La gran novedad del año, en nuestra ya chunga vida cotidiana, consiste en el bloqueo de las máquinas de tabaco de los bares y en la necesidad de que los camareros, pertrechados con un mando a distancia, tengan a bien, previa petición del cliente mayor de edad, desactivar su cierre. Lo que nos faltaba.
«¿Me das línea?», escuché ayer en un tabernón a rebosar. Despistado, creí por un instante que un parroquiano solicitaba, como antiguamente, línea telefónica al camarero. Pero no, era el modo con el que un usuario resignado y correcto reclamaba el «ábrete Sésamo» electrónico a un camarero simpatiquísimo, por cierto, que con un espíritu encomiablemente jubiloso -que veo difícil que pueda representar a la mayoría del gremio ante tesitura semejante- no sólo le respondió de inmediato, sino que le explicó la segunda cláusula de tan atorrante procedimiento: es preciso accionar el ya mencionado mando cada vez que se quiera obtener un paquete. Dos veces si el fumador quiere dos paquetes. Dos, o las que sean, si son dos o más los compradores que hacen fila ante la máquina. Es una pejiguera de calibre más que regular.

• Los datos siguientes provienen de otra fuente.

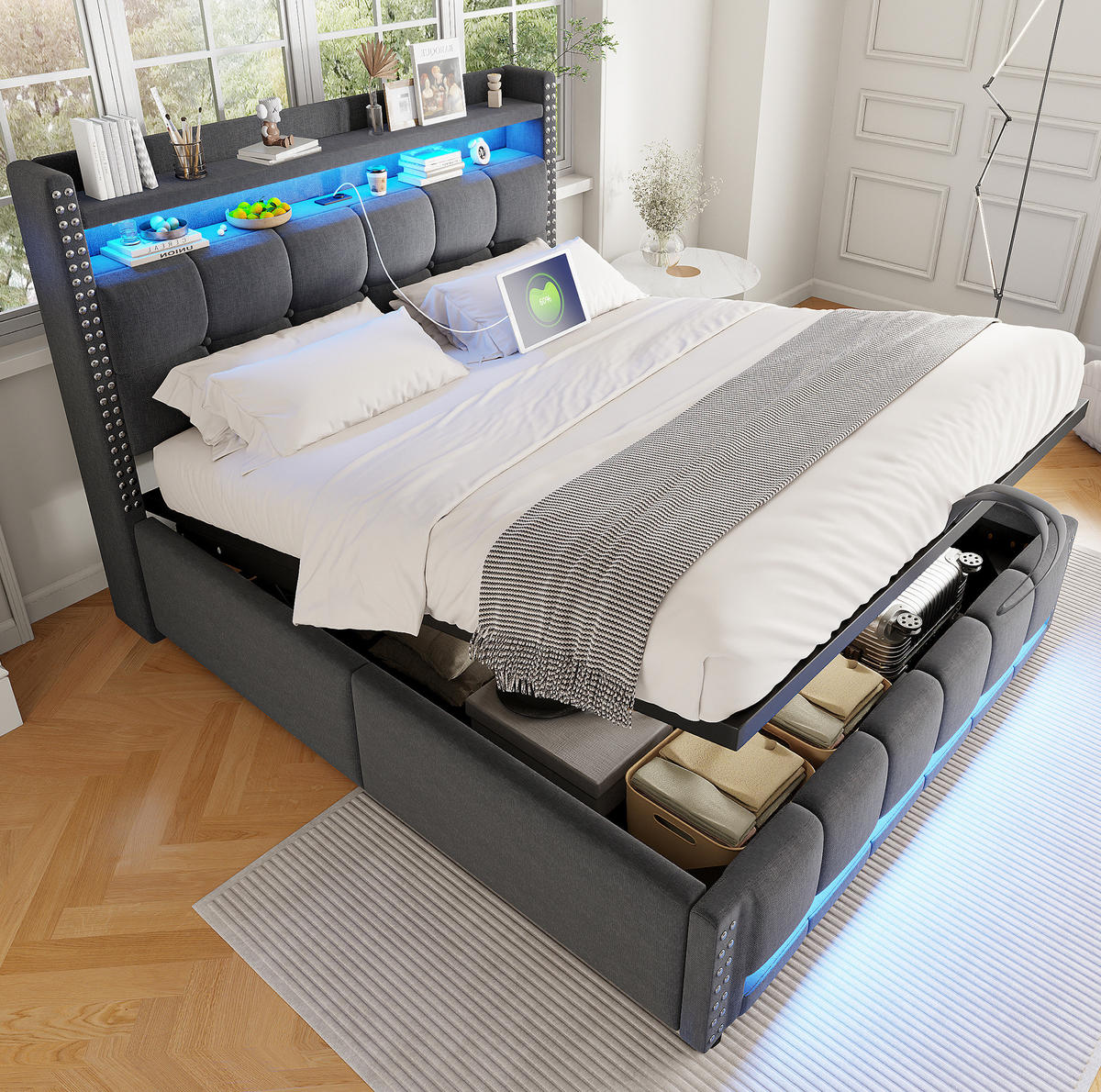 POLSTERBETT aus Leinenstoff 160x200 cm Grau mit LED-Beleuchtung, USB-Steckdose und Stauraum - Grau, Textil (160/200cm) - IVMEU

El objetivo de tal requisito consiste, como es sabido, en evitar que los fumadores menores de edad se cuelen, como vienen haciendo, en los bares y se aprovisionen de la mercancía que les está vedada. Los botellones callejeros proliferan con tan tónica efervescencia, pese a la prohibición de la venta de alcohol a imberbes, que sólo cabe pensar que esta medida, encontrados pronto los caminos de su burla, dispare el consumo de cigarrillos entre menores.
Ahora bien, como sin duda los camareros y clientes menos dotados para la paciencia y la flema van a perder el oremus con semejante fastidio -sobre todo en las horas punta del cafelito y de la caña-, es previsible un descenso de la venta y compra de cigarrillos en los bares y un incremento de tal comercio en los estancos, efecto colateral que nada concernirá a los menores a proteger, pero mira tú, qué bien.
Mejora nuestra salud física -que no psíquica, esos nervios- a la fuerza, aumenta el papel tutelar y paternal del Estado, menguan las posibilidades del libre acceso a los objetos de nuestros deseos y se extiende el imperio del mando electrónico o, lo que es lo mismo, del mando de la electrónica, de la hegemonía de la tecnología, de la necesidad creciente de, para simplificarnos o complicarnos, según, depender de los chispazos de la energía, que son la auténtica chispa de nuestras vidas.
En los garitos y bares pequeños y de confianza, es de suponer que el mando abremáquinas acabará descansando en un rincón estratégico de la barra, junto a los periódicos o así, de modo que el cliente avisado lo tomará a su antojo y hará un ejercicio de autoservicio. De no ser así, o donde no pueda ser así, la proverbial tensión entre camareros lentos, antipáticos y hastiados y clientes perentorios, bordes y exigentes va a aumentar la no siempre apacible atmósfera del oasis hostelero y del oasis en general.